Od dziś osoby korzystające z darmowego planu GeForce Now powinny otrzymać stosowną wiadomość email informującą ich o nadchodzących zmian uwzględniających wyświetlanie reklam. A te zostaną wdrożone w życie lada moment, bo już 28 lutego 2024 roku, czyli jutro.
Jeśli interesuje was GeForce Now, aczkolwiek nie chcecie ani czekać na dołączenie do gry, ani nie macie w zwyczaju oglądać reklam w hurtowych ilościach, rozwiązaniem pozostaje wybór jednego z płatnych planów. Ceny usługi zostały podniesione w październiku ubiegłego roku i obecnie za subskrypcję Priority przyjdzie nam zapłacić 54 zł miesięcznie, zaś za oferujące najwyższą wydajność Ultimate – 109 zł miesięcznie. Warto przy tym zauważyć, że w Warszawie uruchomiony zostanie serwer rzeczonej usługi Nvidii, co znacznie podniesie komfort zabawy za jej pośrednictwem w naszym kraju.
Czytaj dalej
-
To może być koniec FBC: Firebreak. Po premierze dużej aktualizacji strzelanka...
-
Kolejny Indiana Jones już powstaje? MachineGames przyznaje, że pracuje nad nową...
-
Alan Wake 2, Heroes 3 Complete i inne. Darmowe gry...
-
Microsoft nie zostaje w tyle. Nowy Xbox ma być sprzętem hybrydowym, na którym odpalimy...
6 odpowiedzi do “Korzystacie z darmowego planu GeForce Now? Nastawcie się na oglądanie reklam”
Dodaj komentarz
Musisz się zalogować, aby móc dodać komentarz.

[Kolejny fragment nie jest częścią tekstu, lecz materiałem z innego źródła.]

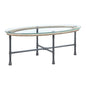 47" Clear and Gray Glass And Metal Oval Sled Coffee Table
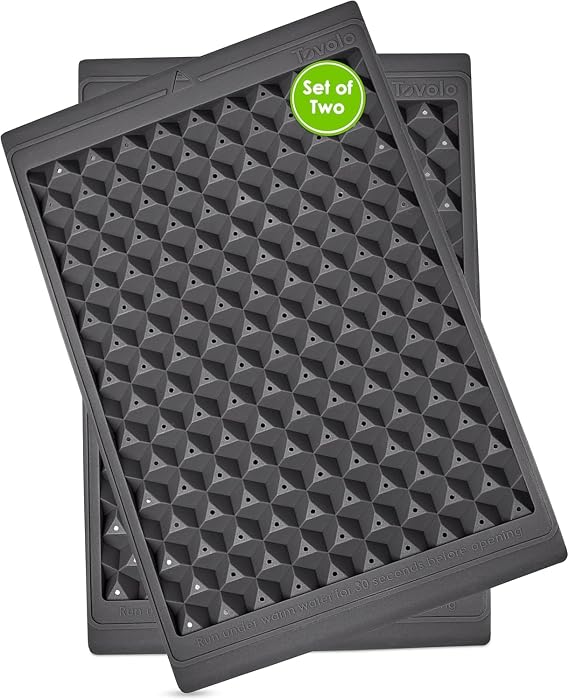 Tovolo Mini Ice Cube Tray Set with Twist and Release Mini Nugget Ice Cube Trays, BPA Free Silicone Mini Ice Tray with Storage Bin and Mini Scoop, Stackable Dishwasher Safe Mini Ice Cube Trays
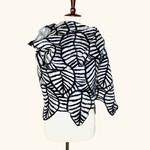 Outlined Leaf Wrap Scarf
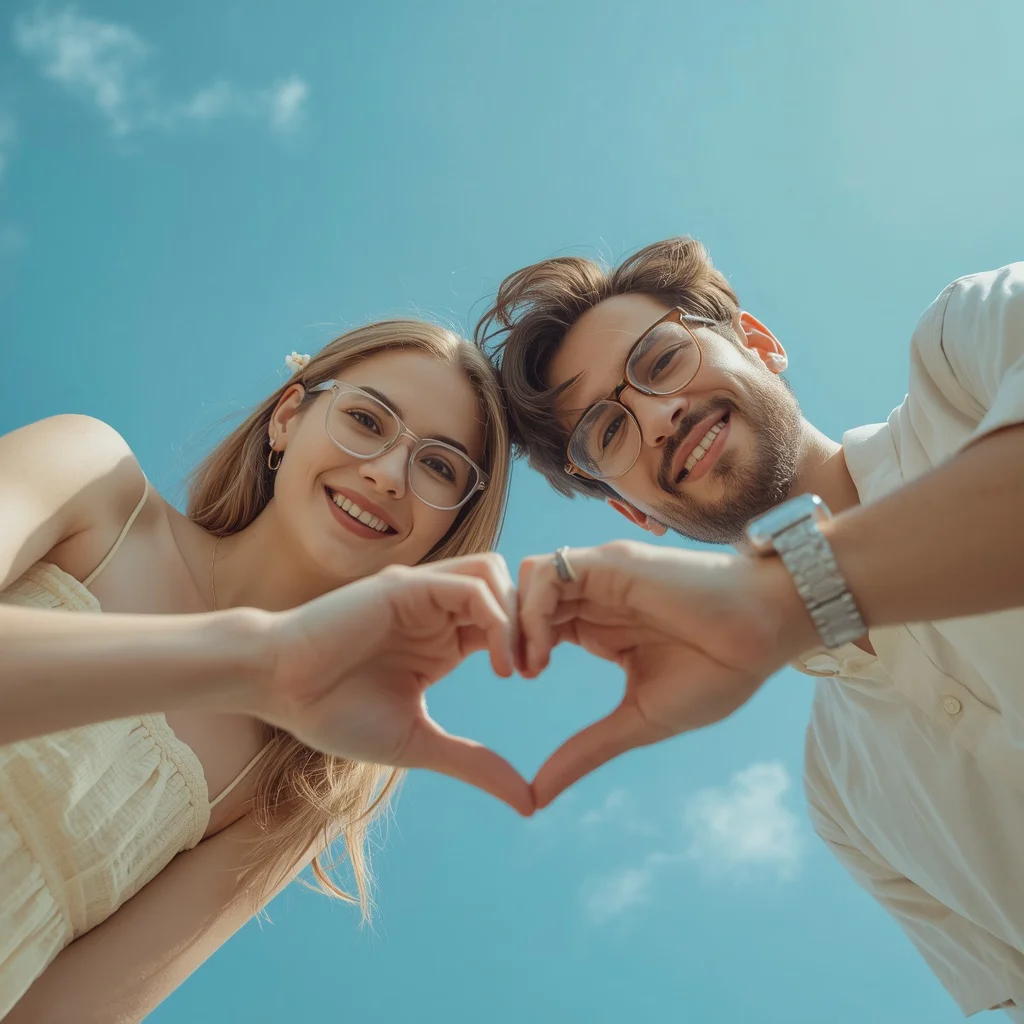 Ultra-Realistic Romantic Couple: Low-Angle Heart Hands — AI image prompt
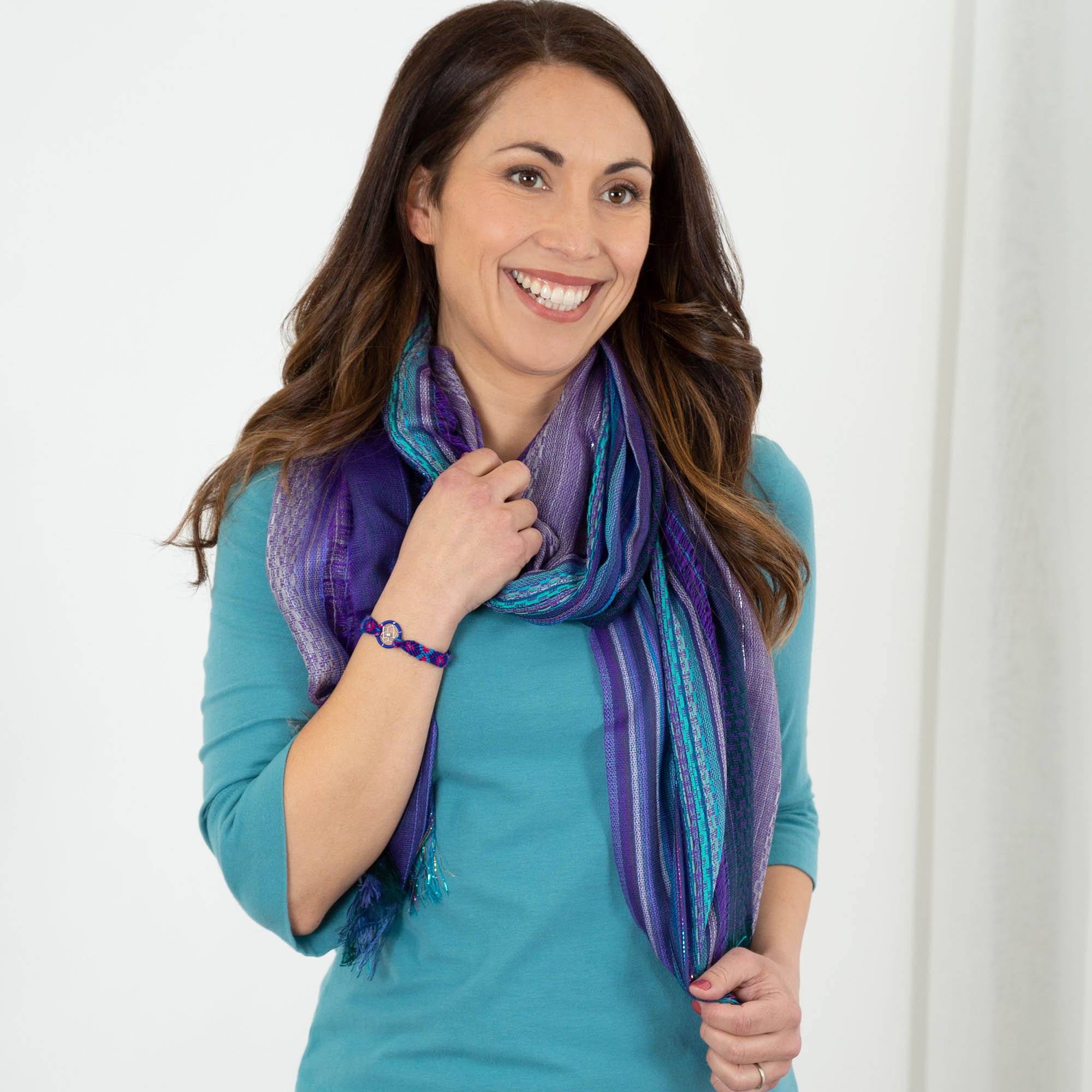 Dreaming Colors Hand-Loomed Scarf & Bracelet Set - Turquoise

Darmowy plan nie ma za bardzo sensu, ze względu na bardzo długi czas oczekiwania na połączenie z serwerem. Więc najlepiej zdecydować się na najtańszy abonament, albo dać sobie spokój.
Nigdy nie potrzebowałem pożyczać mocy obliczeniowej, mam swój sprzęt.
Co innego xcloud, gdzie oprócz mocy są gry, z tego korzysta np moje dziecko na steamdecku I gra sobie, a ja nie muszę kupować Xboxa.
Chmura Nvidii nie przemawia do mnie, taniej mi wyjdzie rozbudować komputer niż zapłacić za rok ich abonamentu to raz, a dwa Nvidia chce byś sam sobie kupił gry zamiast dać do nich dostęp jak MS.
Trzy, darmowa opcją nie ma sensu, czekasz w kolejce dłużej niż możesz grać I jak ktoś ma godzinkę by pograć to nie pogra, gdyż będzie czekał.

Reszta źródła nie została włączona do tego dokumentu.